• April 24, 2024

Researchers Urge Refresh of Warnings

 Researchers Urge Refresh of Warnings
Image: ITCPEP

While Canada’s plain tobacco packaging laws substantially reduced pack appeal, they have not made smokers take greater notice of the pictorial health warnings, according to a new report published by the International Tobacco Control Policy Evaluation Project (ITCPEP).  

Canada introduced plain packaging in 2019 as part of a comprehensive suite of policies to help reduce tobacco use to 5 percent by 2035.

The regulations apply to packaging for all tobacco products, including manufactured cigarettes, roll-your-own products, cigars, pipe tobacco, smokeless tobacco and heated-tobacco products.

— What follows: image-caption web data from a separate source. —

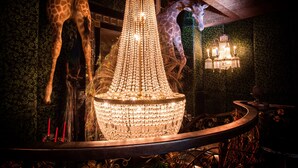 A chandelier with multiple lights, giraffes, and a wall-mounted lamp.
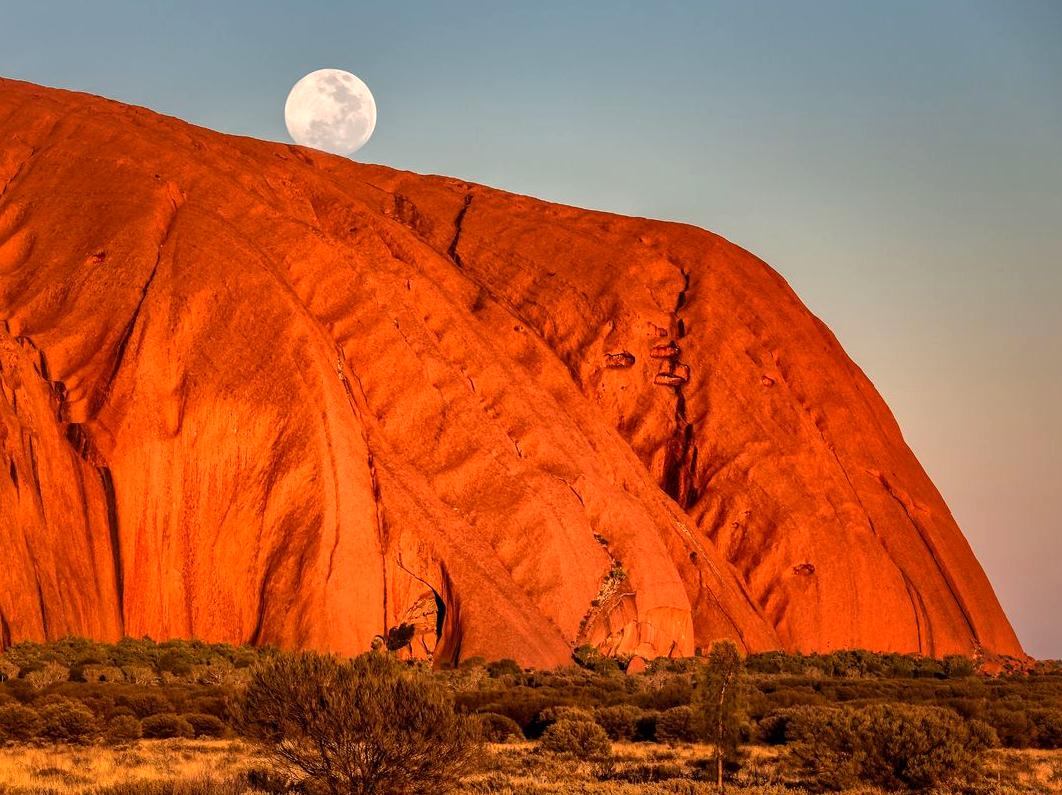 Enjoying Yoga at Dawn with Uluru as a Backdrop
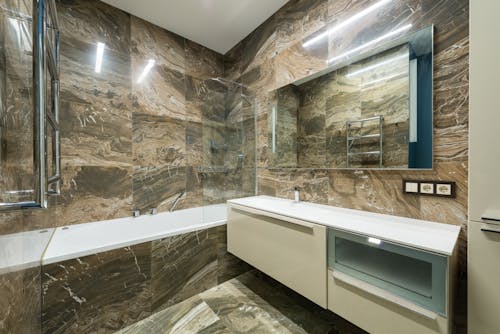 Interior of modern bathroom with marble walls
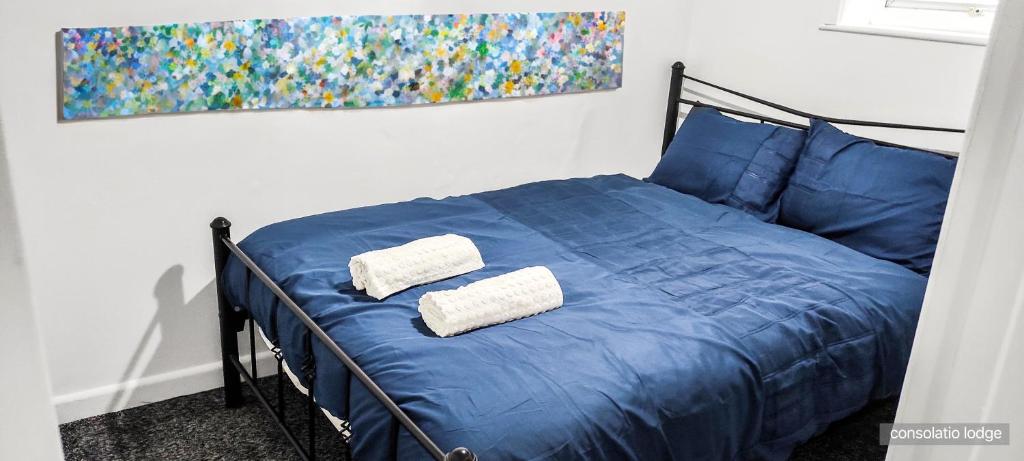 Una cama azul con dos almohadas blancas. en Consolatio Lodge, en Great Yarmouth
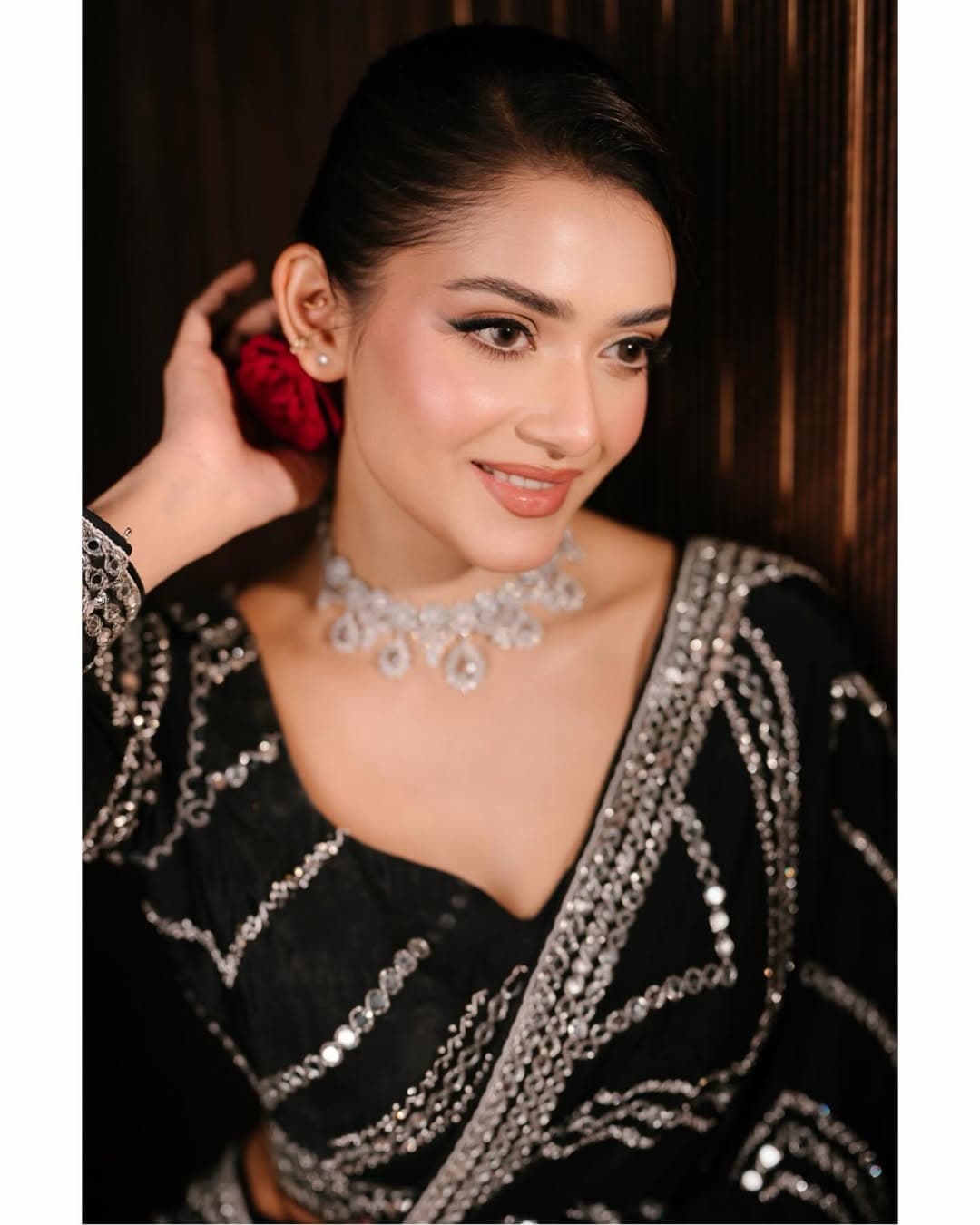 কানে লাল গোলাপ, মিষ্টি হাসি তার লুকে ক্লাসিক সৌন্দর্য এনেছে।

Vapor products are not covered under these regulations because they are not classified as tobacco products under the Canada’s Tobacco and Vaping Products Act.

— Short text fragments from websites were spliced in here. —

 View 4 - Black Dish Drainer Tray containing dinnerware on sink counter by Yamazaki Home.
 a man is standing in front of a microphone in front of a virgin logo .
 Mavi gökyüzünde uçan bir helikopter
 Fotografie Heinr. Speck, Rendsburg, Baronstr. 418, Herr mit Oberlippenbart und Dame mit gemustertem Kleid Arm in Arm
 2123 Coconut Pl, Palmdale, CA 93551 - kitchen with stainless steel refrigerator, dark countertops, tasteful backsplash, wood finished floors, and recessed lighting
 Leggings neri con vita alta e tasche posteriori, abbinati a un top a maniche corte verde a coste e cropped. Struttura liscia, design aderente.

In 2001, Canada became the first country to require graphic health warnings on cigarette packs. The images are periodically refreshed. The most recent switch of pictures took place eight years ago.

The ITCPEP survey showed that the share of smokers who did not like the look of their cigarette pack after the implementation of plain packaging in Canada increased from 29 percent in 2018 to 45 percent in 2020.

However, there was no significant change in the percentage of smokers who said they usually notice warning labels first when looking at a cigarette pack (35 percent in 2018 versus 36 percent in 2020).

Based on their findings, the report’s authors recommend refreshing Canada’s eight-year-old pictorial health warnings to address wear-out of health warning salience and effectiveness

As of July 2020, plain packaging has been fully implemented in 14 countries: Australia (2012); France and the United Kingdom (2017); New Zealand, Norway and Ireland (2018); Uruguay and Thailand (2019); Saudi Arabia, Turkey, Israel and Slovenia (January 2020); Canada (February 2020); and Singapore (July 2020).

By January 2022, Belgium, Hungary and the Netherlands will have fully implemented plain packaging.